Call it “corporateering”

Jamie Court is a California consumer activist and author

A person’s private medical and financial information is bought and sold by corporations without the person’s permission. Children are aggressively marketed to, without their parents’ consent, while in school. When a company makes a mistake, the burden is always on the individual to spend as much of his or her time fixing it as needed, without ever being reimbursed for the value of that lost time.

And then there are the larger ways corporations seek to control more than markets, such as an individual’s cultural freedoms. For example, we must give up our Seventh Amendment right to trial in favor of mandatory arbitration simply to have a bank account, buy a car or receive health coverage.

In statehouses and Congress, corporations have sponsored legislation to roll back our legal recourse to hold companies accountable, by limiting consumer lawsuits and the amount juries can grant in damages. Corporations have advanced their own legal freedoms and are currently suing to invalidate federal campaign-finance laws, under the theory that a corporation’s free-speech right allows it to spend unlimited money on politicians.

Our society often does not recognize that corporations have this cultural power. There isn’t even a word in the dictionary to describe the situation when corporations put their commercial gains over the rights of individuals, society or the culture.

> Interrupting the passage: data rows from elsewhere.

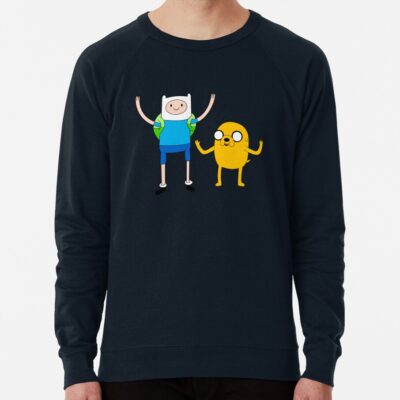 Adventure Time Finn And Jake Sweatshirt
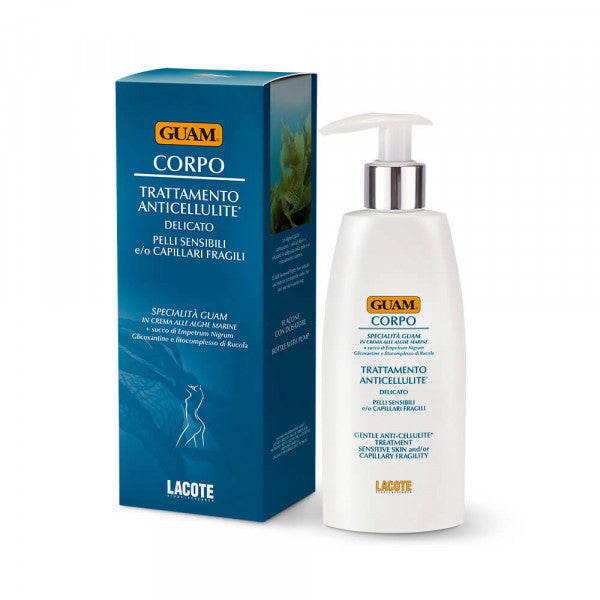 Guam Corpo Trattamento Anticellulite Delicato Pelli Sensibili 200 ml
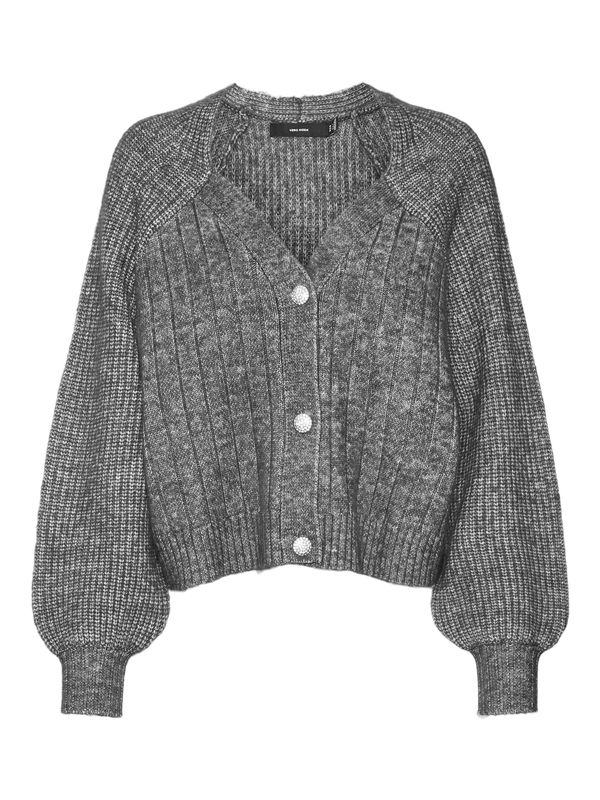 VERO MODA VERO MODA Kardigan 'VMMEILANI'  siva melange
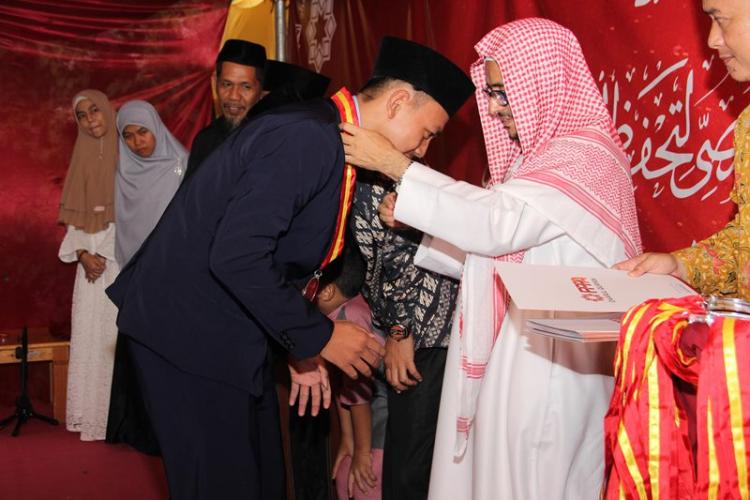 Puluhan Santri Pesantren Takhassus Ikuti Wisuda Purna 30 Juz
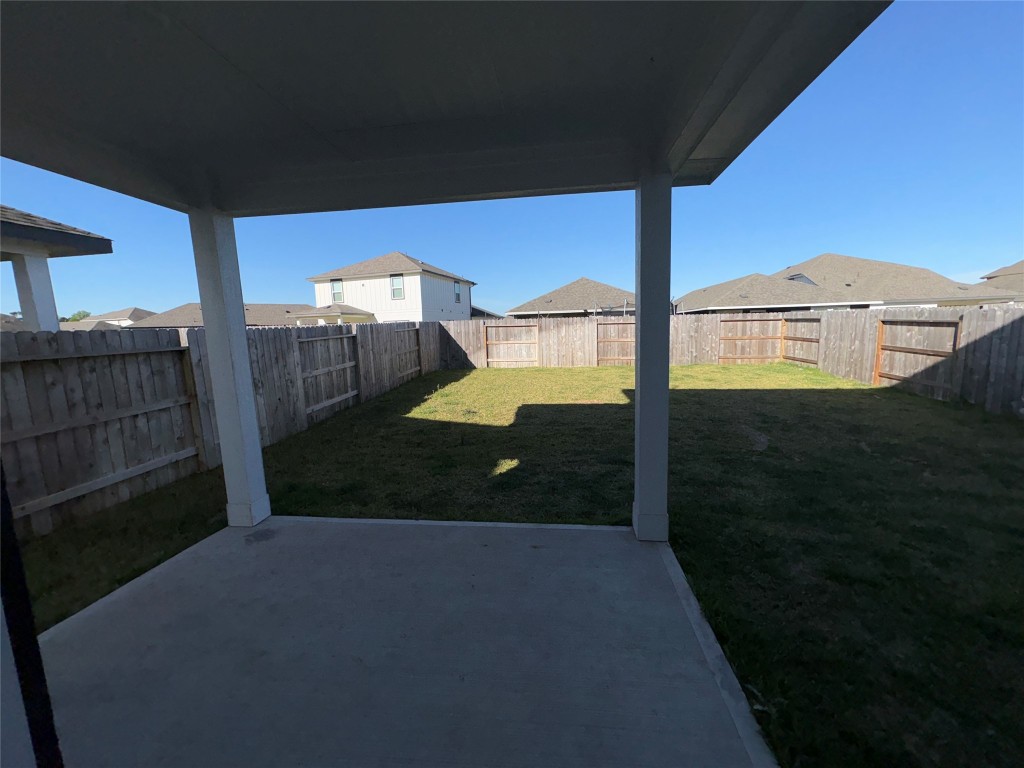 16628 Sterling Clf Street Conroe, TX 77302 - Photo 10 of 14 a view of a house with backyard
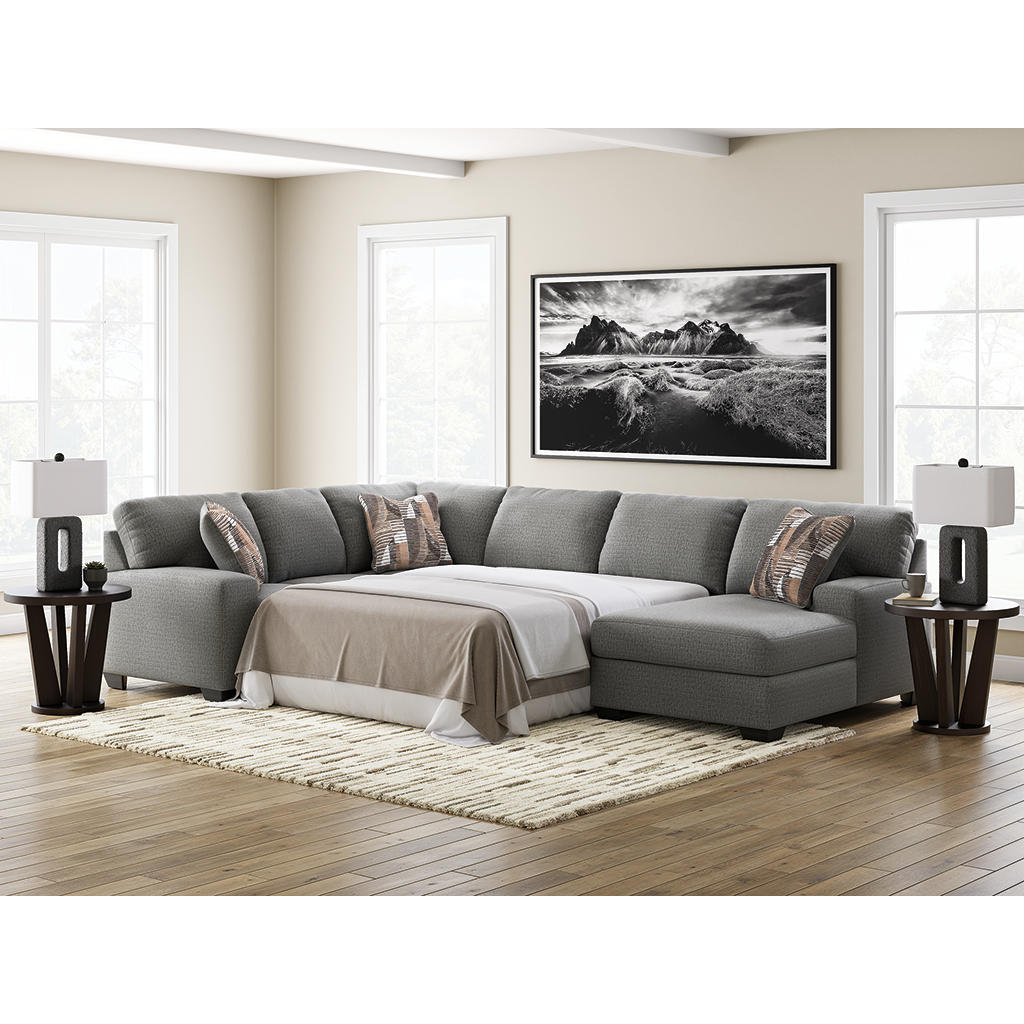 Revenna 3-Piece Sleeper Sectional with Chaise Signature Design by Ashley® Living Room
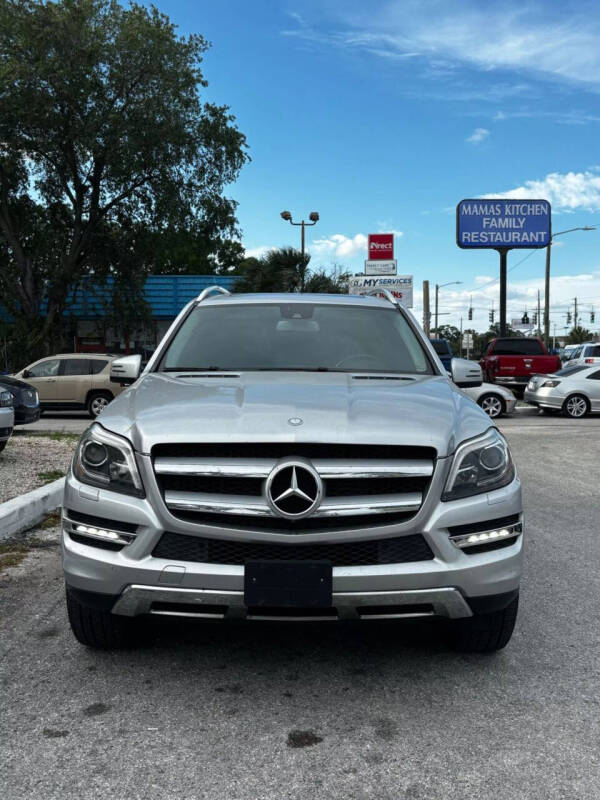 2015 Mercedes-Benz GL-Class GL 350 BlueTEC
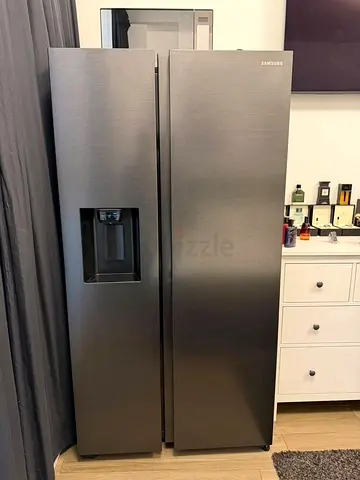 Samsung side by side refrigerator latest model excellent condition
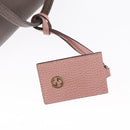 GUCCI Swing Tote Bag Leder Grau Gold 354408 Auth 148695-18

My proposal for such a term is “corporateering,” as in “racketeering” or “electioneering.” The math of the corporateer is simple: Corporations are greater than individuals, and commerce is greater than culture.

Too often, such logic underlies a corporation’s dealings with individuals, the courts, the government, the media and other arms of culture, such as the arts, academia and science.

Recently, for example, Wells Fargo and Bank of America sued to invalidate local California ordinances requiring banks to ask the permission of customers before sharing their personal financial information. The reasoning: The banks’ right to commerce is greater than the individuals’ right to privacy. The same week, banks successfully sued to invalidate Santa Monica’s ban on excessive ATM fees. More corporateering!

Word of mouth is not everything, but it is what corporations fear most, and individuals own it. Call a “corporateer” what it is and name it by its brand. Then, maybe society can draw some lines in the sand that corporations will not be able to cross.